Fleet policy

Transactionally, sole supply is straightforward to administer and manage but almost always is not financially advantageous.

That’s the view of Ross Jackson, managing director of fleet management consultancy Fleet Operations, who says that the efficient management of a range of suppliers is the secret to cutting costs and not reliance on sole supply arrangements.

But with procurement departments increasingly involved in fleet purchasing decisions, it is often the company delivering the lowest price that comes with sole supply that will win the deal rather than the organisation offering the best value.

He explains: “A vehicle manufacturer may increase list prices by 4% and a contract hire company may pass that on entirely in a monthly rate increase. However, residual value movement and other factors may indicate that the real rate increase should only be 2.5%. As a result, fleet decision-makers who are less switched on will lose out with the supplier making additional profit.”

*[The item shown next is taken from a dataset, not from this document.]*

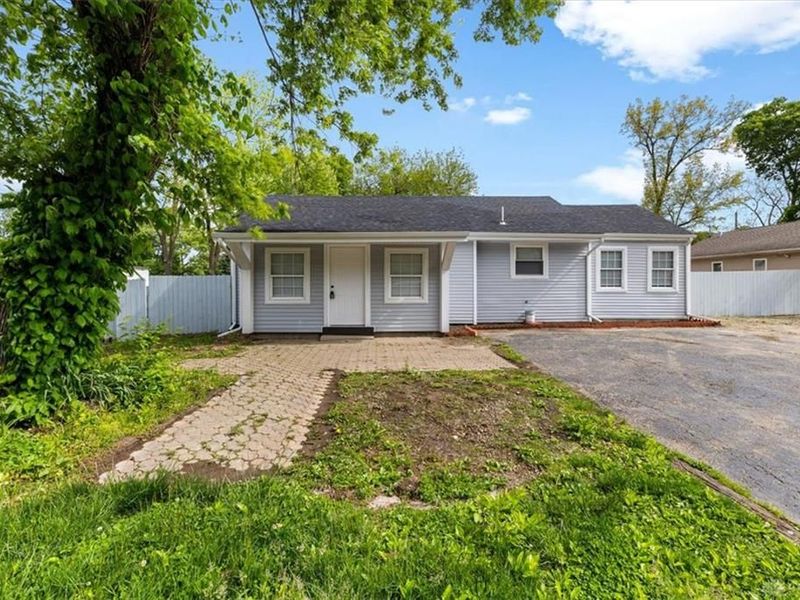 629 Little Meadow Dr, Riverside, OH 45404 Photo 1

Pointing out that good account management is the key to managing fleet policy costs, Jackson says: “Fleets that opt for dual or multi-supply in terms of vehicles and other services limit the ability for suppliers to profiteer. As soon as one supplier becomes uncompetitive they will start to lose business.

“On average we have identified and delivered cost savings of around 10% by questioning the logic of relying on a sole supplier. No matter how tight a contract is worded, fleets that have sole supply arrangements are at the mercy of those providers.”

With regards to vehicle replacement strategy, four-year policies are increasingly becoming the norm, according to Jackson, with 100,000 miles remaining a not-to-be-crossed benchmark figure.
Recently, fleets have typically moved from a three to a four-year cycle and by switching have been able to achieve a saving in operating costs of 8-10% while also ensuring employees are able to continue to have the same choice of cars despite manufacturer price rises.

But, says Jackson: “What happens in three or four years’ time I don’t know. But currently it is a way of underpinning costs and keeping the cost base in the same place.”

He is also detecting a movement by fleets back towards a more restrictive wholelife cost-based vehicle choice list that often may extend to one volume and one prestige manufacturer as businesses seek to leverage discounts.